ふるさとへの便り

ウガンダ

力合わせ養殖池掘削
写真:完成した養殖池=ウガンダ

完成した養殖池=ウガンダ

 こんにちは。ウガンダで青年海外協力隊として活動している澤井隆彰です。昨年6月に続き、ウガンダや私の活動について寄稿したいと思います。

 ウガンダでは今、雨季が終わり、乾季がやってきました。雨季が終わるころになると、バッタが繁殖する季節になり、ウガンダではそのバッタを素揚げにして食すのが風物詩です。日本人からすると少し気味悪い料理に見えますが、食べてみるととてもおいしいです。

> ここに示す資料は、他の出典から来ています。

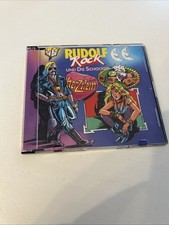 Mega rare - mega,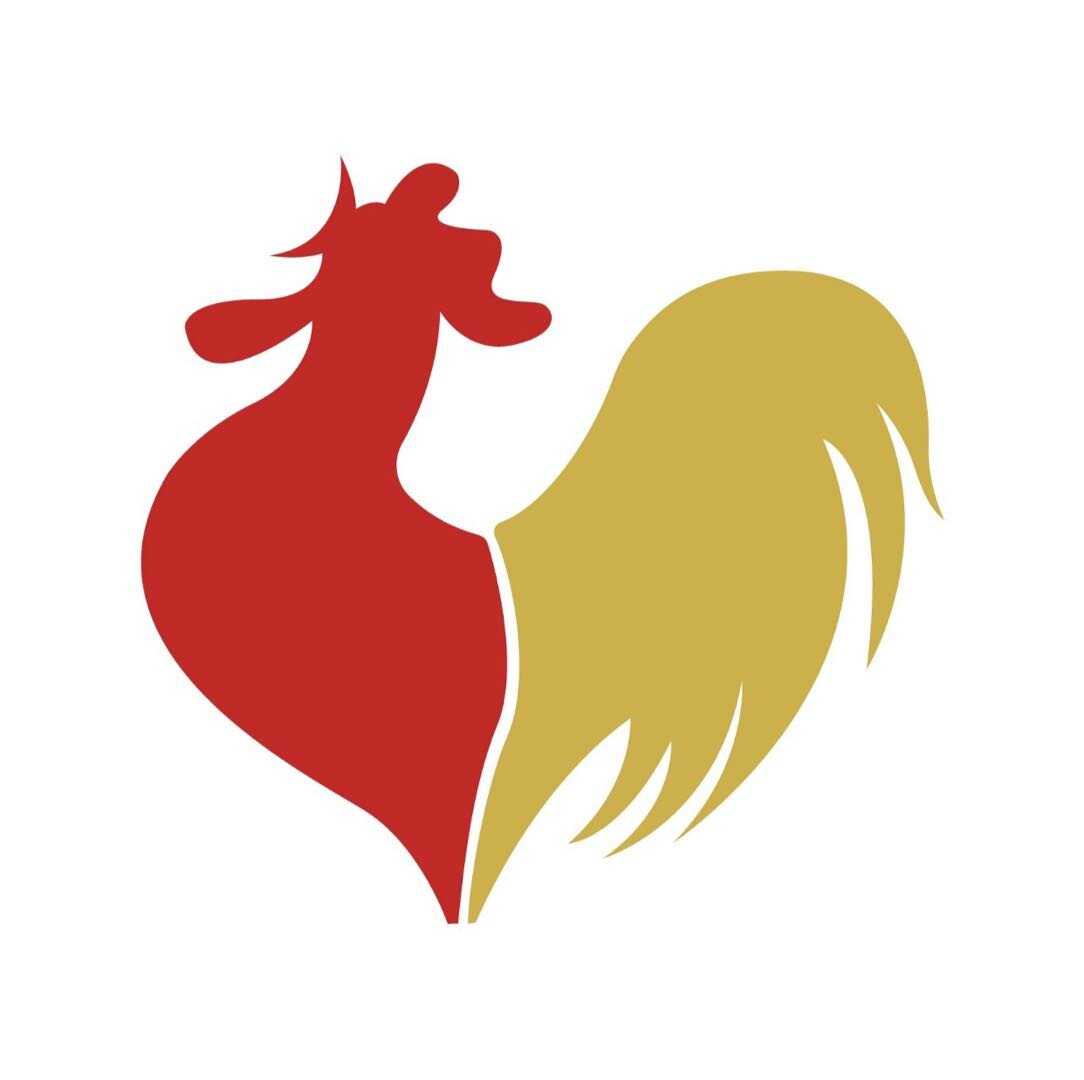 大陆酿造公司品牌店的LOGO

内陸国のウガンダではエビを食べることは難しいので、日本のエビを思い出しながら私も食しています。

 さて、私は青年海外協力隊のコミュニティ開発という職種で派遣されています。コミュニティ開発とは、いわゆる農村部の方々と一緒に、その地域の発展のために活動する職種です。私は、その地域の青年団と魚の養殖のプロジェクトを行っています。魚は淡水魚のティラピアという種で、10カ月ほどで販売できるサイズに成長します。

 私たちは今、5000匹の魚を飼育していますが、そのための養殖池のサイズは20メートル四方で深さが1メートルのものが必要でした。この掘削作業を土木会社に依頼すると莫大な資金が必要になるため、私は青年団と一緒に自分たちの力だけで造ることを決意しました。皆が協力して造ることによって「自分たちの池」という認識を持ってほしい、という個人的な狙いもありました。

 最初のころは週2回集まり作業を進めていたのですが、思ったより時間がかかり、完成の目途すら立てることができませんでした。しかし、その危機感を青年団も自発的に持ち、話し合いの結果、週3回集まることになりました。そのおかげで約4カ月かけて掘削作業を完了させることができました。自分が帰国する直前に全ての魚を売る予定です。青年団はその売り上げで来年の養殖の運営費用を賄い、さらには別の地域おこし活動の予算としても使われる予定です。

 6月末に日本へ帰国する私は、来年の運営に携わることができませんが、自分たちで危機意識を持つことができる彼らならこれからも困難を乗り越えていってくれると信じています。

【澤井隆彰さん】
写真:澤井隆彰さんさん
 澤井隆彰(さわい・たかあき) 私立校での社会科講師を経て2015年6月から青年海外協力隊としてウガンダへ派遣。市役所健康課にて市民の衛生管理に携わる。岐阜市出身。25歳。